● SUPPLIED ENTRIES:
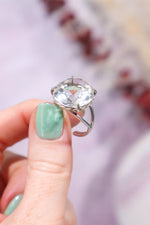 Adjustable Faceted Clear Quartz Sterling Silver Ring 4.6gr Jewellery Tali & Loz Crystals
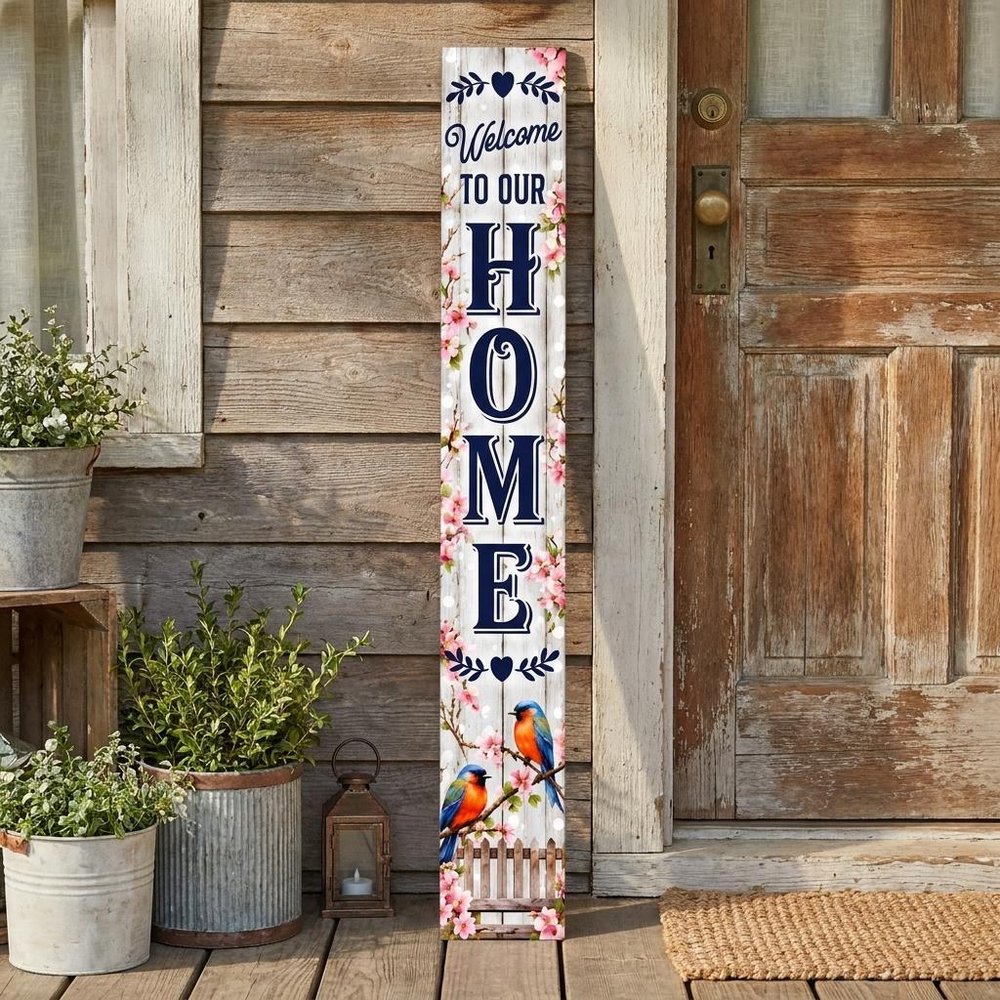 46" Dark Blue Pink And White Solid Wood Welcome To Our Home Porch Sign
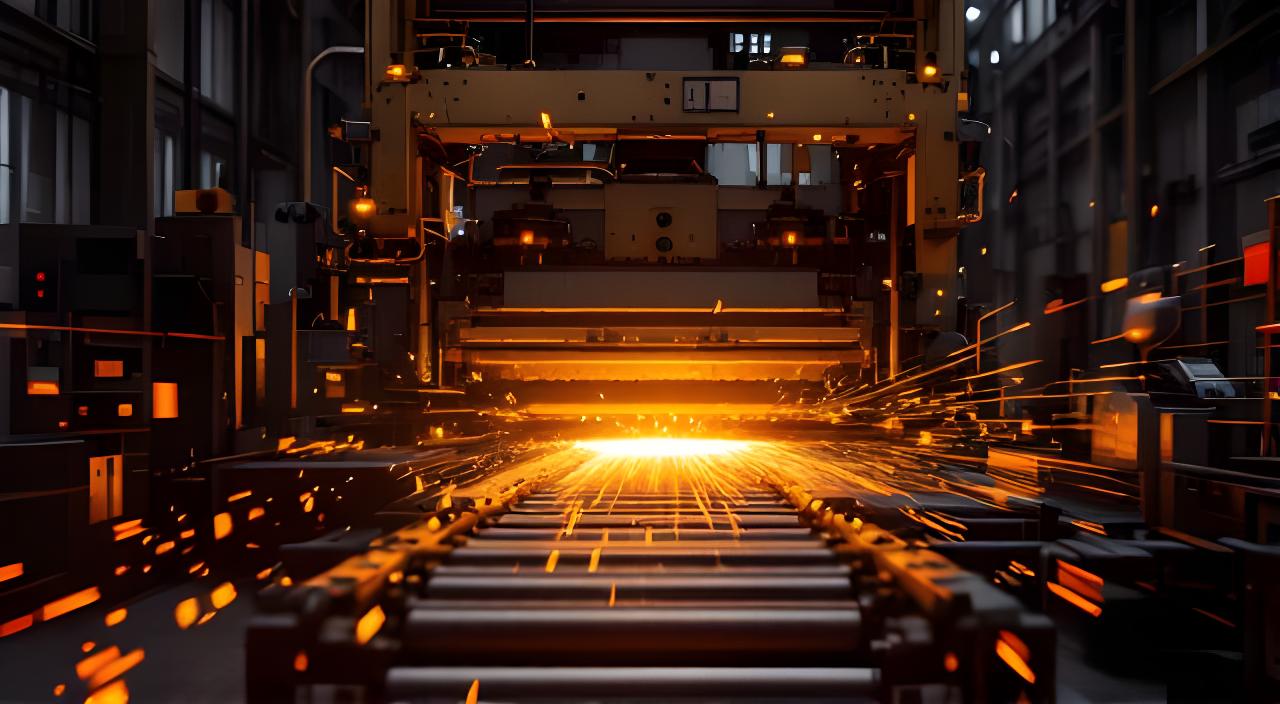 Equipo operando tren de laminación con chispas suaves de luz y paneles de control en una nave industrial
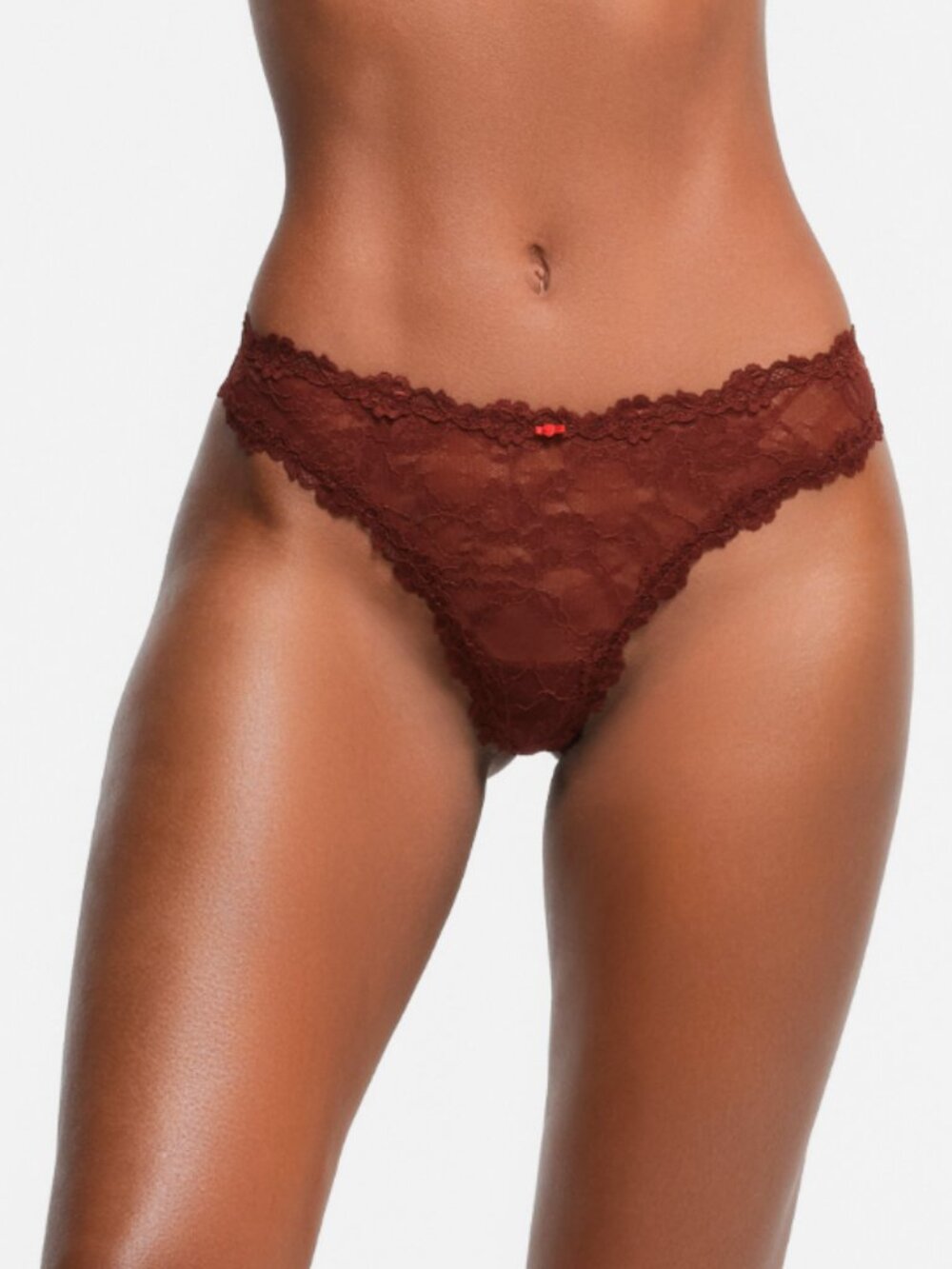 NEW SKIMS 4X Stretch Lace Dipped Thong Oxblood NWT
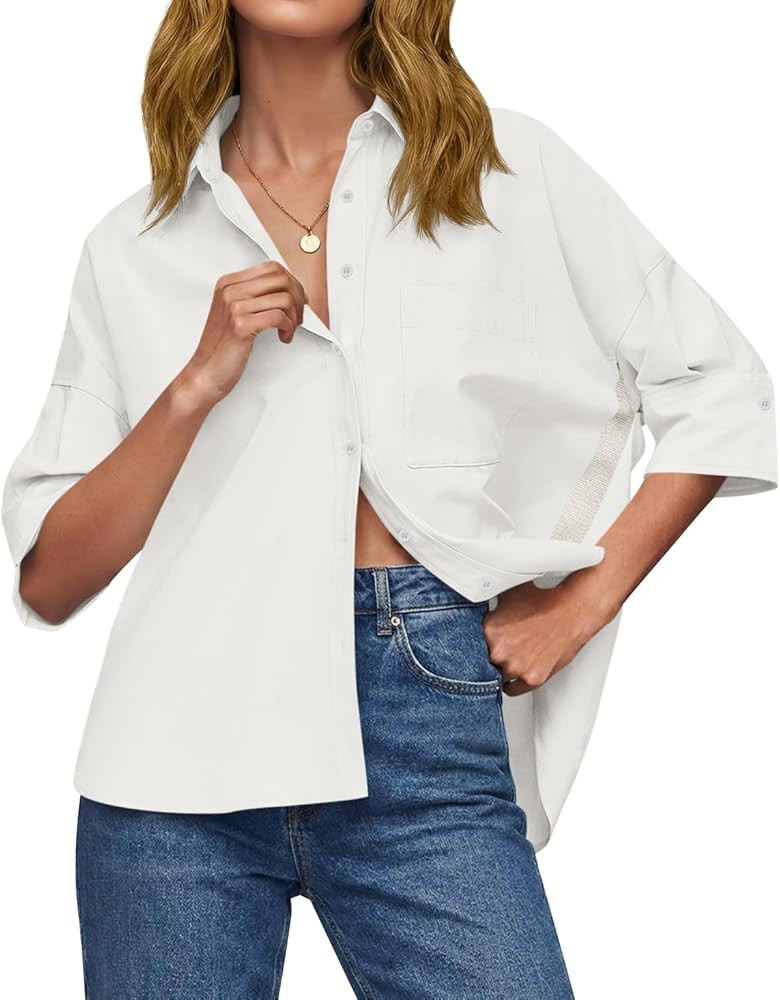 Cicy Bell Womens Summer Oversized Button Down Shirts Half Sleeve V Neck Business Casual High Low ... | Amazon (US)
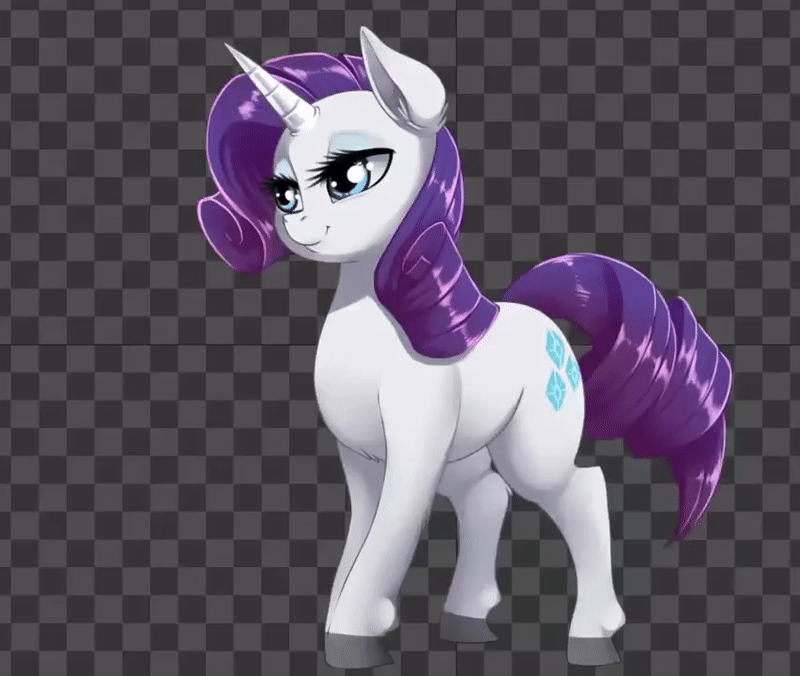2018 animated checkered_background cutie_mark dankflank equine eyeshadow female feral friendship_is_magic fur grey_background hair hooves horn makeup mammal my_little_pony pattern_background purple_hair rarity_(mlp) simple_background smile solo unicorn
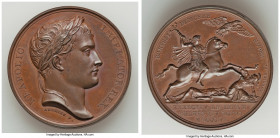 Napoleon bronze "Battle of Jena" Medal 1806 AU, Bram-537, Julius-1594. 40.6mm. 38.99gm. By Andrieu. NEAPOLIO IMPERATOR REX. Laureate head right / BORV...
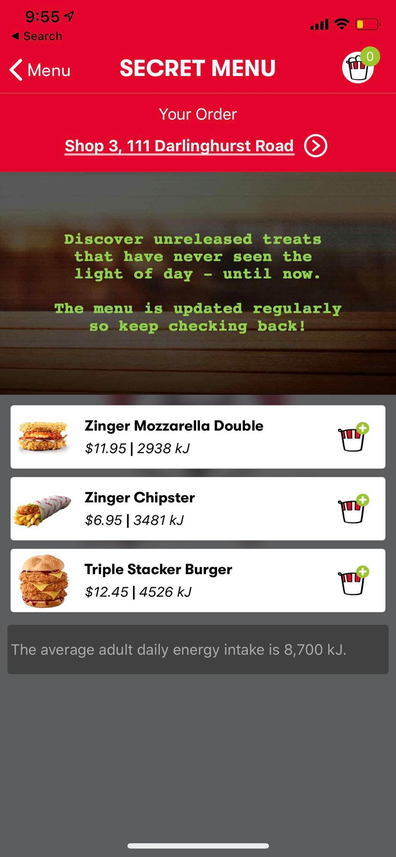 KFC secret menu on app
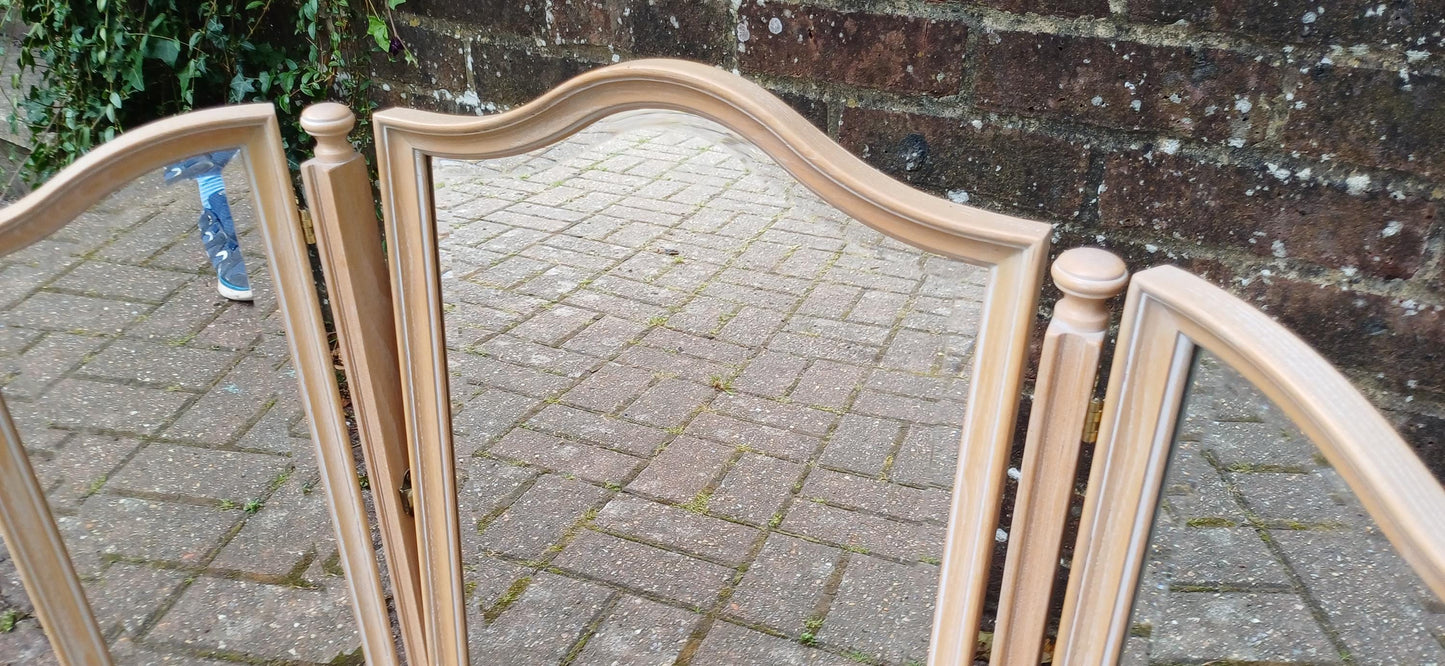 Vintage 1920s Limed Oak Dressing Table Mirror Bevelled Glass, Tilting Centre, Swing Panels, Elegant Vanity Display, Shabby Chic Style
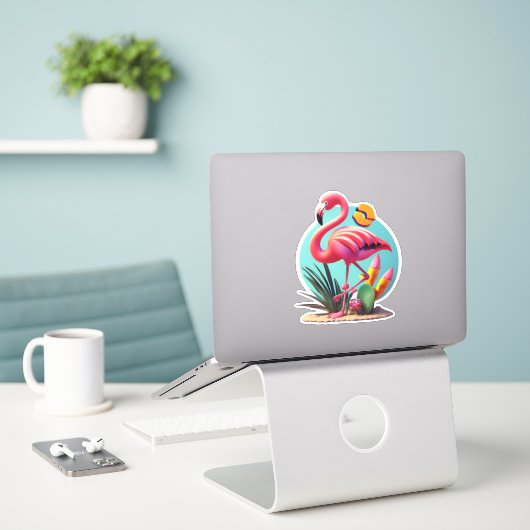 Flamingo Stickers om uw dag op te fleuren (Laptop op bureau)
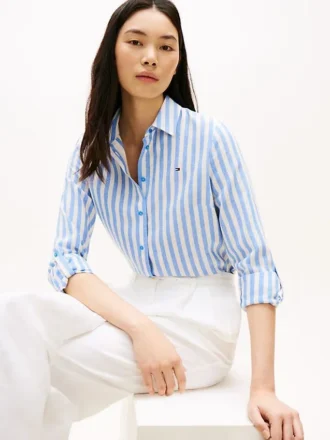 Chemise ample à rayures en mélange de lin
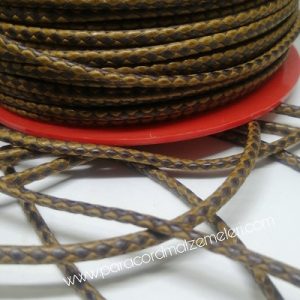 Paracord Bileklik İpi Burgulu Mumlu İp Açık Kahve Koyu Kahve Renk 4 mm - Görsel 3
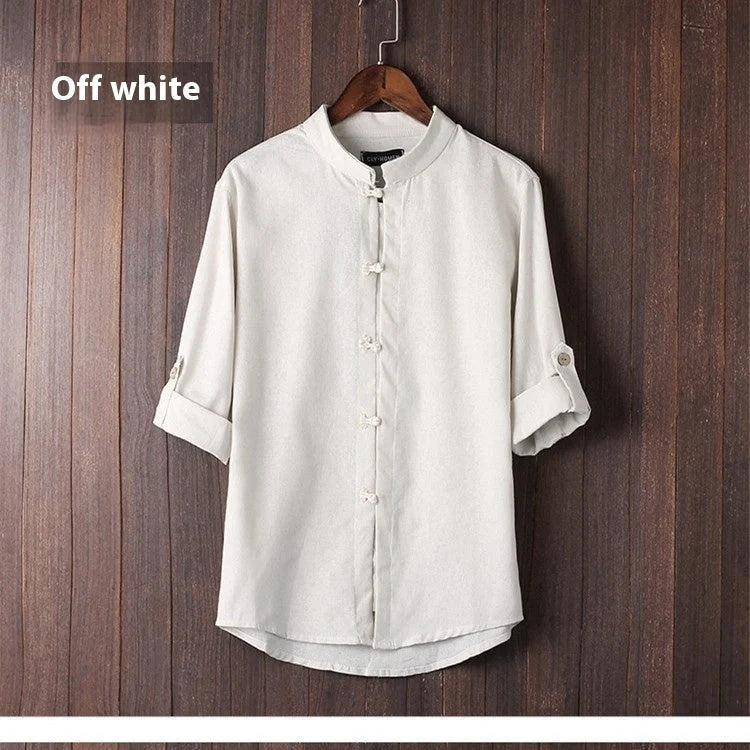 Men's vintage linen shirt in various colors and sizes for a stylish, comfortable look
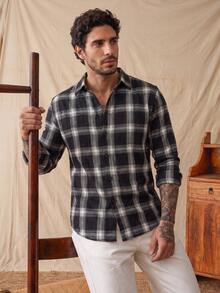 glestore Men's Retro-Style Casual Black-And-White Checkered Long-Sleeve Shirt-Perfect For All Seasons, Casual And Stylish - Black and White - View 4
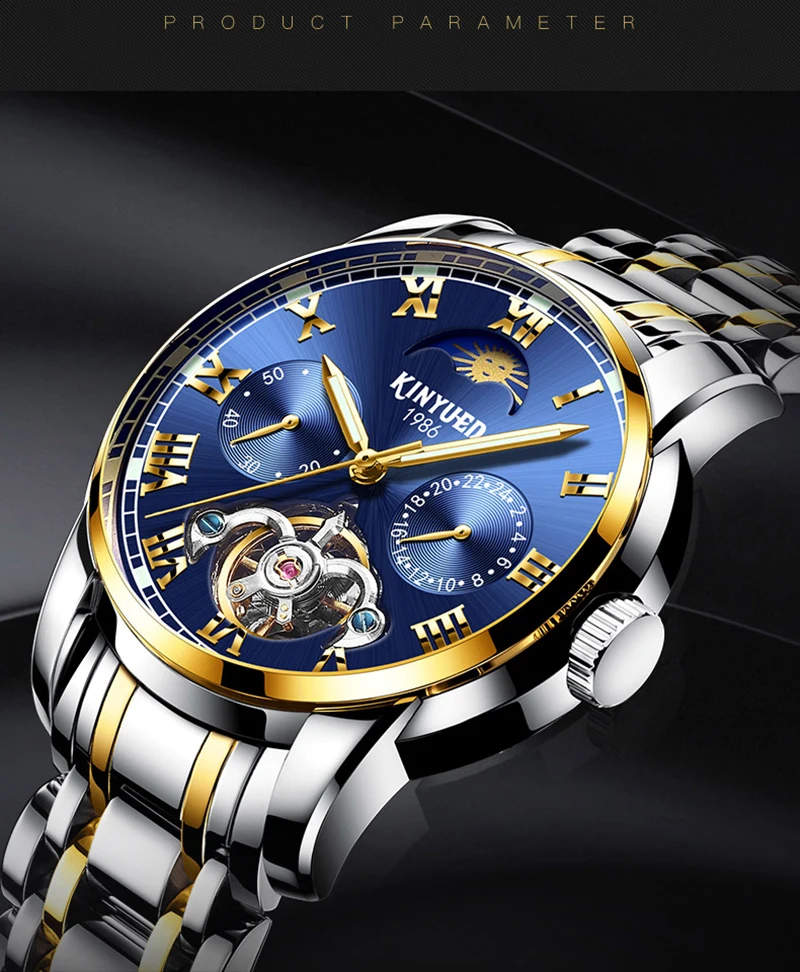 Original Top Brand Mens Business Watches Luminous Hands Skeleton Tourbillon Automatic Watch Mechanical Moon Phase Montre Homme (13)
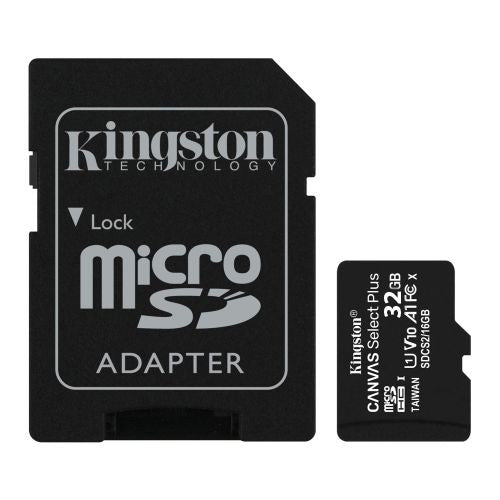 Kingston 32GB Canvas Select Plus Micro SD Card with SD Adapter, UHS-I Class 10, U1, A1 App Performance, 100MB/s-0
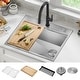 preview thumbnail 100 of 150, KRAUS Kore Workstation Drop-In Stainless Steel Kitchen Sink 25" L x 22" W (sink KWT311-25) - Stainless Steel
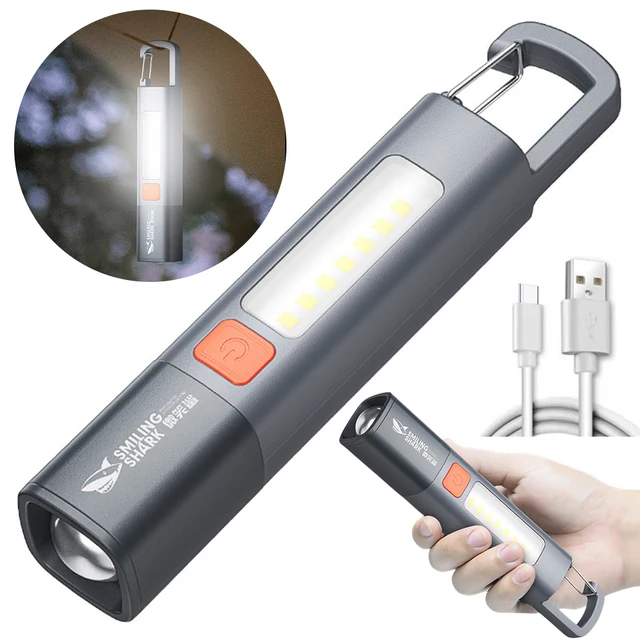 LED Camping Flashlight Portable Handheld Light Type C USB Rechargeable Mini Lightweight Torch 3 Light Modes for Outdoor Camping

● REQUIRED ACTION: With all pictures removed, reproduce the lines from the top of the entries above through the line containing "2018 animated checkered_background", exactly as written.

● SOLVED EXERCISE:
 Adjustable Faceted Clear Quartz Sterling Silver Ring 4.6gr Jewellery Tali & Loz Crystals
 46" Dark Blue Pink And White Solid Wood Welcome To Our Home Porch Sign
 Equipo operando tren de laminación con chispas suaves de luz y paneles de control en una nave industrial
 NEW SKIMS 4X Stretch Lace Dipped Thong Oxblood NWT
 Cicy Bell Womens Summer Oversized Button Down Shirts Half Sleeve V Neck Business Casual High Low ... | Amazon (US)
2018 animated checkered_background cutie_mark dankflank equine eyeshadow female feral friendship_is_magic fur grey_background hair hooves horn makeup mammal my_little_pony pattern_background purple_hair rarity_(mlp) simple_background smile solo unicorn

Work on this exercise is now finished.